Scarf: Self Supervised Learning for Tabular Data Nov 25, 2024

Machine learning often struggles with the scarcity of labeled data. While unlabeled datasets are abundant, obtaining high-quality labeled data remains expensive and time-consuming. SCARF emerges as a breakthrough methodology that transforms how we extract meaningful representations from raw, untagged information.

Innovation

SCARF introduces a novel approach to generating data views by strategically corrupting input features. Unlike domain-specific augmentation techniques, this method works universally across datasets:

Randomly select a subset of features
Replace selected features with samples from their empirical marginal distributions
Leverage contrastive learning to maximize representation quality

Technical Mechanism

The approach employs:

An encoder network (f)
A pre-training head network (g)
InfoNCE contrastive loss function

The core objective is generating representations that maintain semantic integrity while being robust to feature perturbations.

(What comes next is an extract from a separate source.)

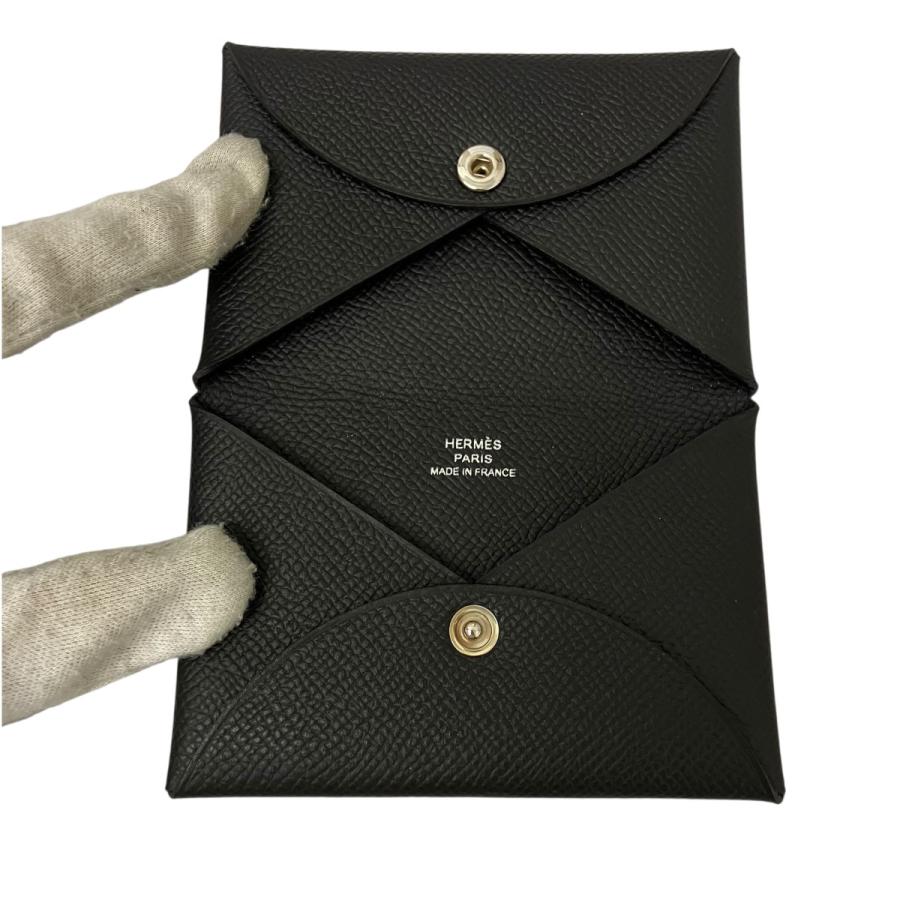 HERMES カルヴィ　ブラック カードケース HERMES（エルメス） カルヴィカードケース ブラック サイズ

Tested across 72 real-world classification datasets, SCARF demonstrated significant improvements:

Enhanced classification accuracy
Improved performance under label noise
Effective semi-supervised learning capabilities
Domain-agnostic representation learning
Minimal sensitivity to feature scaling
Hyperparameter stability
Compatibility with existing machine learning techniques

SCARF represents a pivotal advancement in self-supervised learning, offering a flexible, powerful approach to extracting meaningful representations with minimal labeled data.